INSTRUCTIONS FOR THE TASK: Find and copy each line of the listing below that has the word "Mesh" in it.

GIVEN DATA START

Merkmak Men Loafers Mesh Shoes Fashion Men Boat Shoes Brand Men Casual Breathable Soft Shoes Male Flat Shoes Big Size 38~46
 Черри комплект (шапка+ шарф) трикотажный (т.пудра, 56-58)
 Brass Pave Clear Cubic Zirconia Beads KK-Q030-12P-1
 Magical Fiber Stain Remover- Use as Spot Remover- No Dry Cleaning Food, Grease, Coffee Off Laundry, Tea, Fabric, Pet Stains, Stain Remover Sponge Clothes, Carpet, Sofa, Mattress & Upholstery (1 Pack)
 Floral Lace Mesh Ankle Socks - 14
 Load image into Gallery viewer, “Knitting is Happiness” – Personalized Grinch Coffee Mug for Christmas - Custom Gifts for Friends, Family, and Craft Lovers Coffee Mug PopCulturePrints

GIVEN DATA END

REPLY:
Merkmak Men Loafers Mesh Shoes Fashion Men Boat Shoes Brand Men Casual Breathable Soft Shoes Male Flat Shoes Big Size 38~46
 Floral Lace Mesh Ankle Socks - 14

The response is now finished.